◆ Supplied data:

------

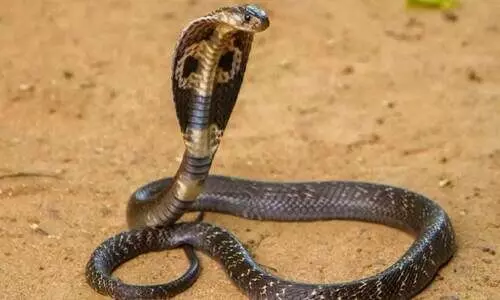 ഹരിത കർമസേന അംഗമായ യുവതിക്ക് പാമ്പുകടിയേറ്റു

------

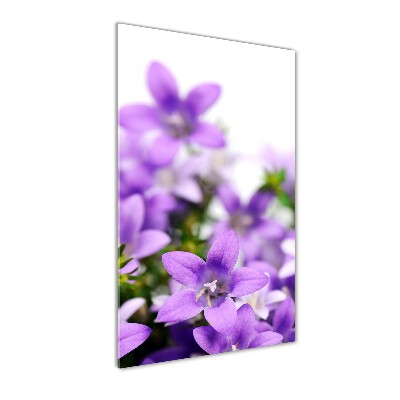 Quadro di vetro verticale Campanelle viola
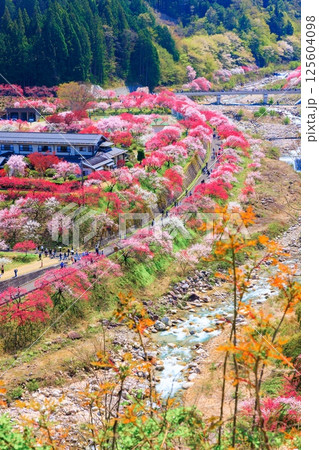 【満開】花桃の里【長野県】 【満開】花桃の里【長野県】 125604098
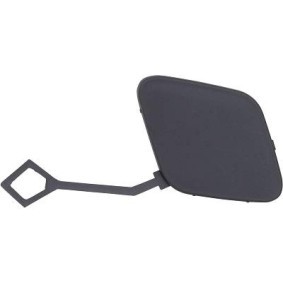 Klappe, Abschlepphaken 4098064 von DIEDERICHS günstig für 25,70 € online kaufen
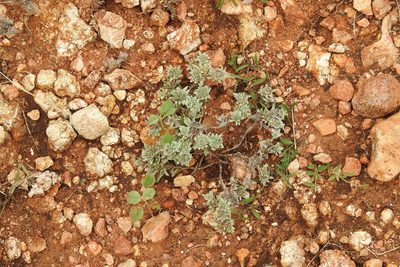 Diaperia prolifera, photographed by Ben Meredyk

------

◆ Task directions:
Would you give again, exactly, the lines in the data above that run from the line containing "Klappe, Abschlepphaken 4098064" to the line containing "Diaperia prolifera, photographed"? Include both ends and no pictures.

◆ Exercise response:
 Klappe, Abschlepphaken 4098064 von DIEDERICHS günstig für 25,70 € online kaufen
 Diaperia prolifera, photographed by Ben Meredyk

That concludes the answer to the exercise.